Lee Tae-won (. Born March 17, 1986, in Seoul, South Korea) is a South Korean former catcher for the NC Dinos in the KBO League. He bats and throws right-handed.

== Amateur career ==
Lee played baseball at Choongam High School in Seoul from 2002 to 2004. Prior to graduation, he was selected in the 2nd round (47th overall) of the 2005 KBO draft by the LG Twins, which was the second-highest pick as a high school catcher. Although Lee was willing to play in the KBO without going to college, his mother opposed his decision strongly, and that conflict led him to give up baseball temporarily.

After sitting out the whole 2005 season, Lee eventually came back in 2006, deciding to play college baseball at Dongguk University.

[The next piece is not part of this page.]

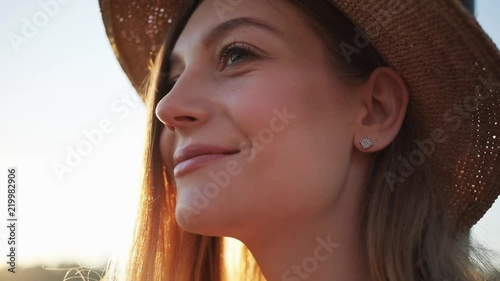 Close up of woman's face with hat smile feel happy outside at sunrise sunset beautiful girl lifestyle nature people summer eyes portrait background beach outdoor relax sunlight portrait slow motion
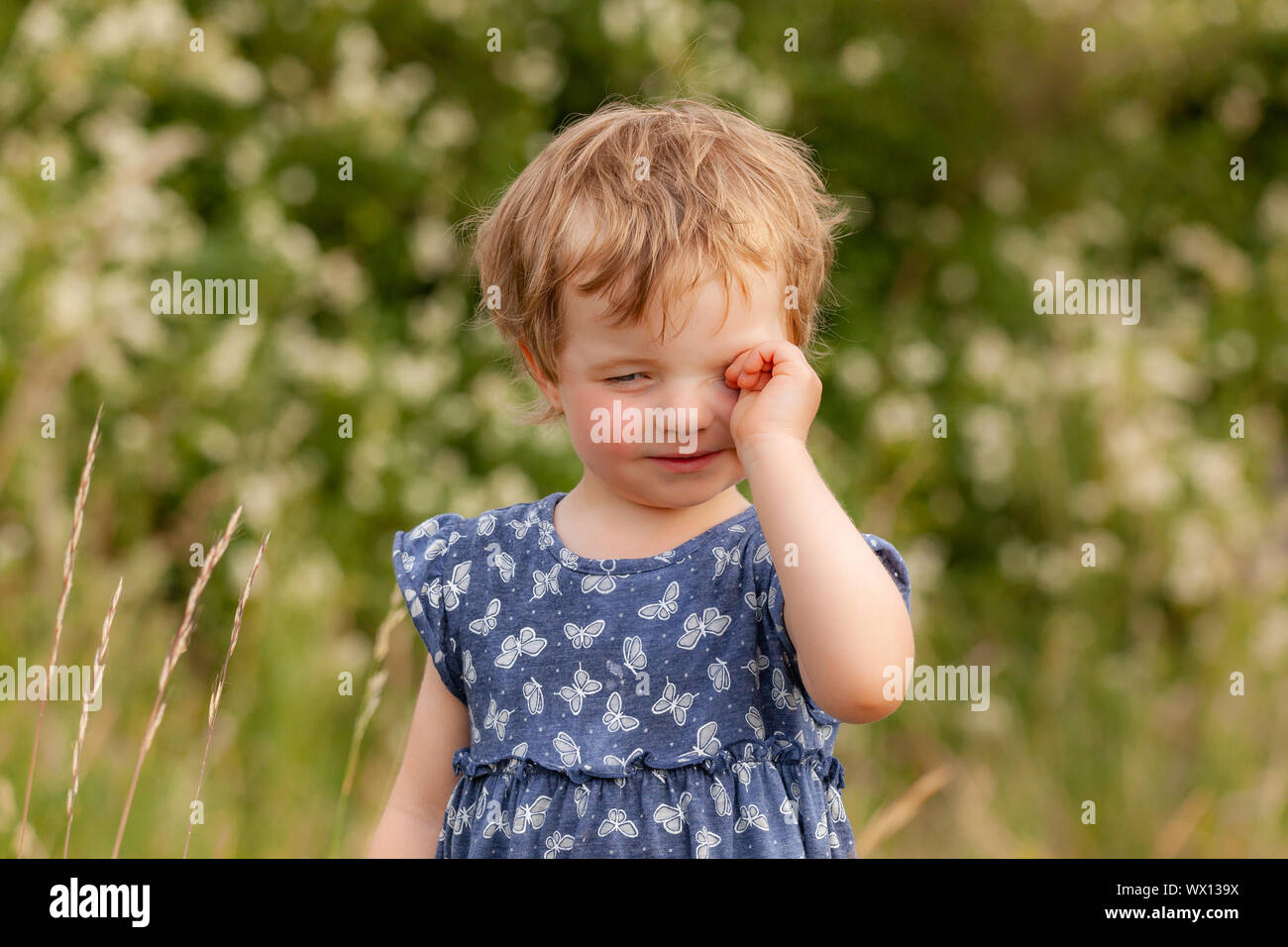 L'enfant frotte ses yeux fatigués Banque D'Images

During his four-year college years, Lee was recognized as one of the best amateur catchers nationwide, becoming a fixture in the team's starting lineup in his freshman year and helping his team to win the national championship twice (in 2006 and 2008).

Lee made his first appearance on the international stage when he was selected for the South Korea national baseball team that would play in the 2006 Intercontinental Cup. In 2009 Lee was called up to the South Korean national team and competed in the Asian Baseball Championship where he was named to the All-Star team, playing in all the games as a starting catcher and batting a team-leading .556.

=== Notable international careers ===

| Year | Venue | Competition | Team | Individual note |
|---|---|---|---|---|
| 2006 | Philippines | Intercontinental Cup | 7th | 2 doubles |
| 2008 | Czech Republic | World University Baseball Championship | 4th | .182 BA (4-for-22), 3 RBI, 3 R |
| 2009 | Japan | Asian Baseball Championship |  | .556 BA (5-for-9), 1 RBI, 3 R, 2 BB, 1 SB All-Star (C) |

== Professional career ==
Lee was selected in the 5th round (33rd overall) of the 2010 KBO Draft by the LG Twins. In the 2010 season, Lee played with the Twins' second-tier team but received criticism after batting below .200 and making critical errors behind the plate. After the 2010 season, Lee joined the Sangmu Baseball Team to do a two-year mandatory military service.

He played sparingly for the NC Dinos in 2013–2014, mostly as a late-inning defensive replacement. He finished his career with a total of 20 hits in 148 at-bats for a batting average of .135.